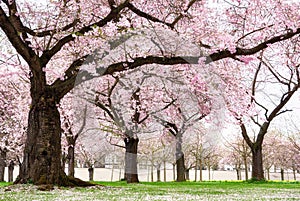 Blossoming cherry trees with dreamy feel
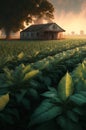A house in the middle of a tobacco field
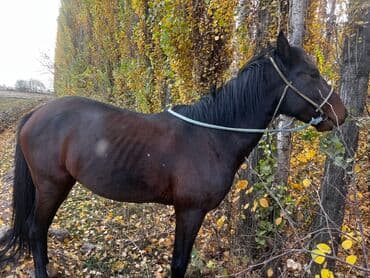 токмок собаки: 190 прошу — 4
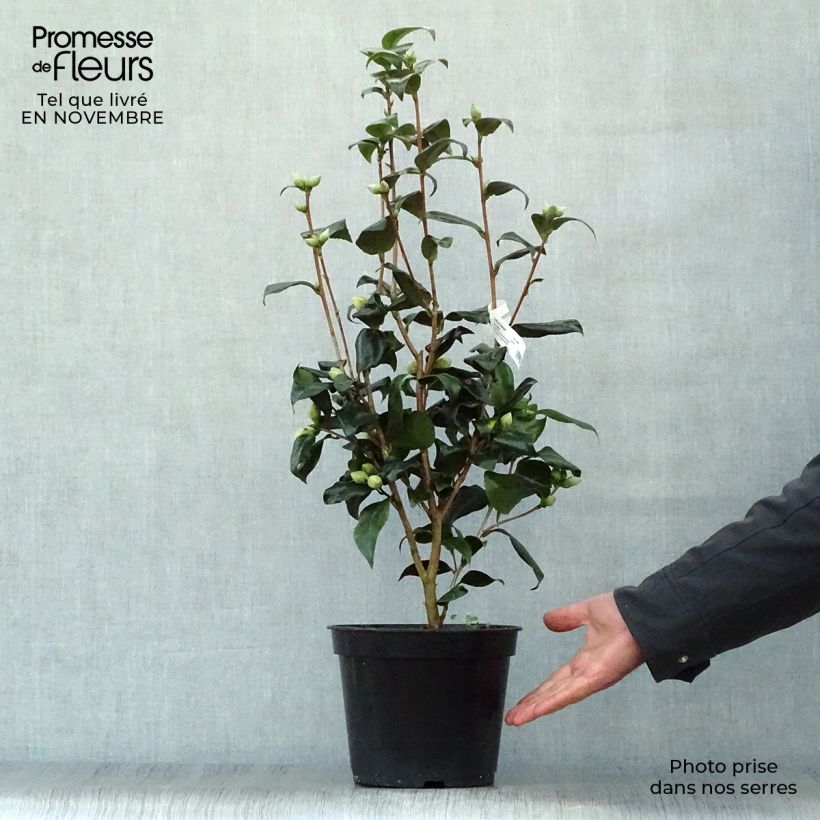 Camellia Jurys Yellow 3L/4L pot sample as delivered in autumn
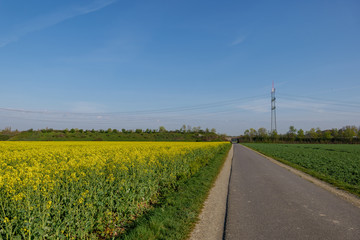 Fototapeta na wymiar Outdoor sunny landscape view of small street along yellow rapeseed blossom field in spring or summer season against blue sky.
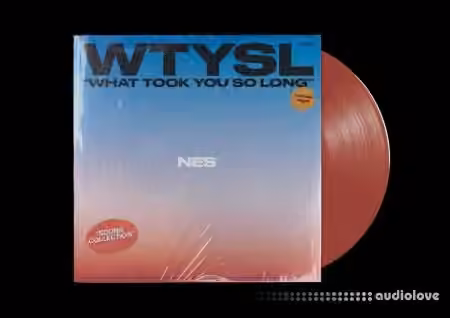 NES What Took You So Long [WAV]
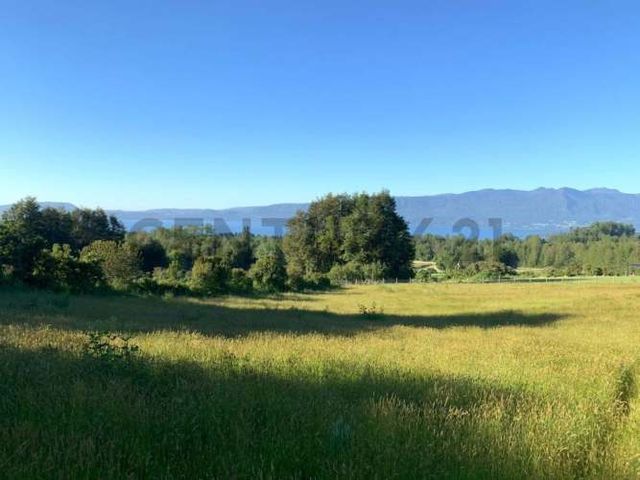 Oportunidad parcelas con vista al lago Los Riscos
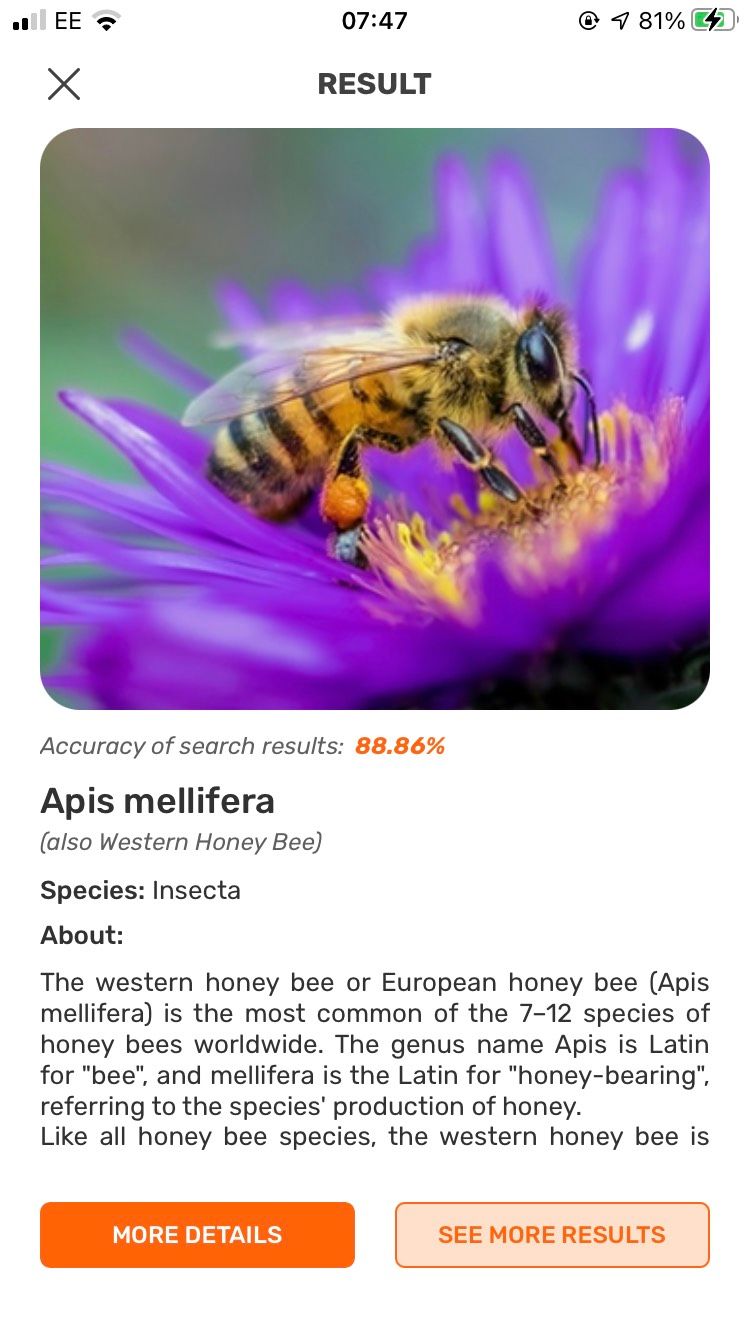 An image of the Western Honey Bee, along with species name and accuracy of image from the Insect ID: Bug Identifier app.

_ _ _ _ _

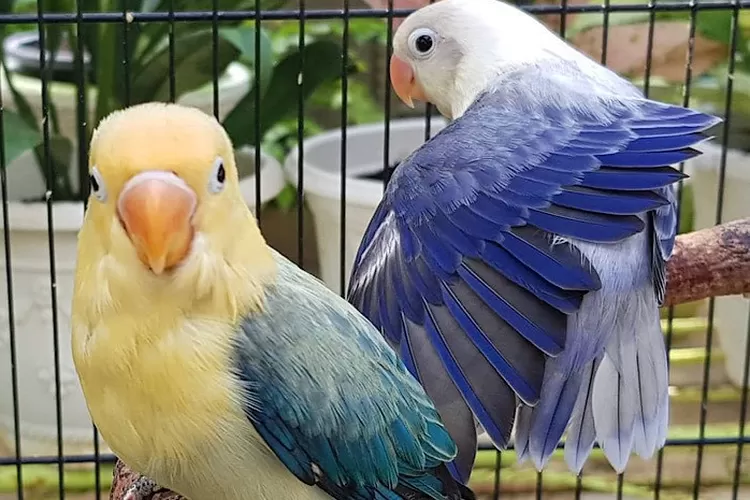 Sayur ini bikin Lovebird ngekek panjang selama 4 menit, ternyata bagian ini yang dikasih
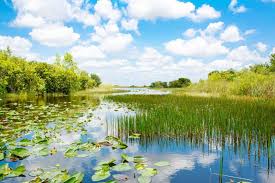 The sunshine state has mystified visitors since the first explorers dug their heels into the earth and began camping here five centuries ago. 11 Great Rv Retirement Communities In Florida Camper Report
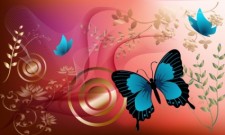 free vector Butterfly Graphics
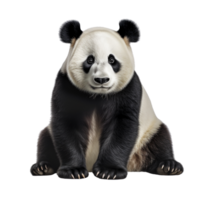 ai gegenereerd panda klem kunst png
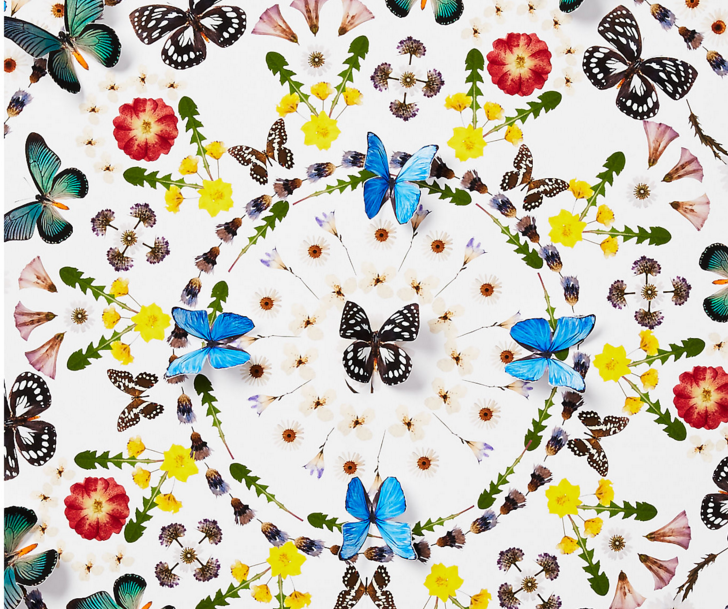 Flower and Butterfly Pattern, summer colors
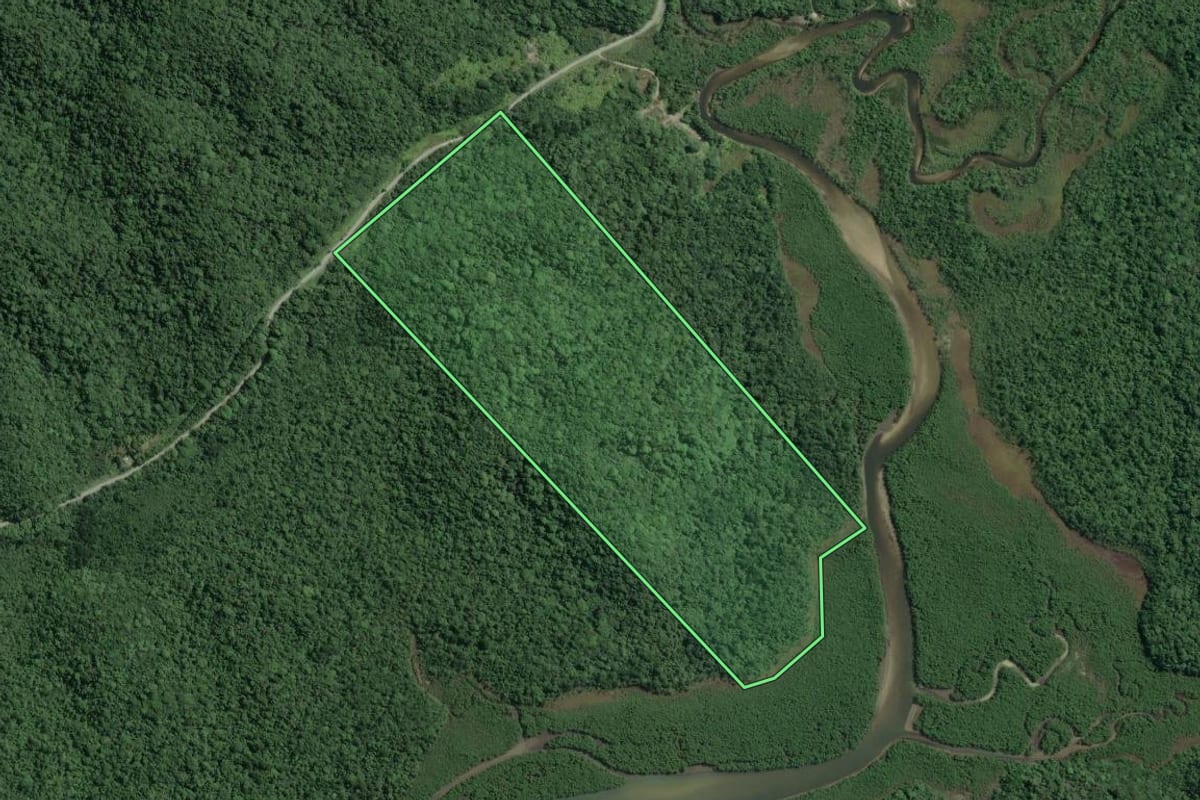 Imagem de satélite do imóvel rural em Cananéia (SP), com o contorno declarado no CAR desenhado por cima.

_ _ _ _ _

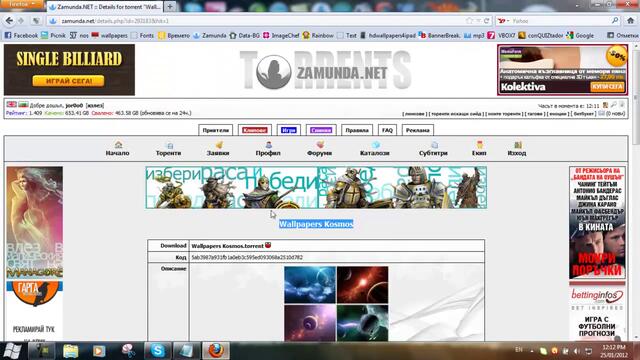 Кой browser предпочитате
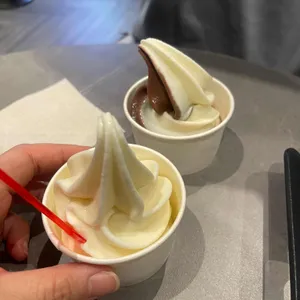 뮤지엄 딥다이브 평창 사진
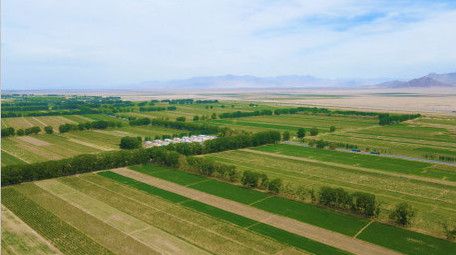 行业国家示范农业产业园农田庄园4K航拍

_ _ _ _ _

■ The problem
Within the listing above, the lines starting at the one containing "The sunshine state" and ending at the one containing "Imagem de satélite" are to be returned exactly. Omit the pictures.

■ Reply
 The sunshine state has mystified visitors since the first explorers dug their heels into the earth and began camping here five centuries ago. 11 Great Rv Retirement Communities In Florida Camper Report
 free vector Butterfly Graphics
 ai gegenereerd panda klem kunst png
 Flower and Butterfly Pattern, summer colors
 Imagem de satélite do imóvel rural em Cananéia (SP), com o contorno declarado no CAR desenhado por cima.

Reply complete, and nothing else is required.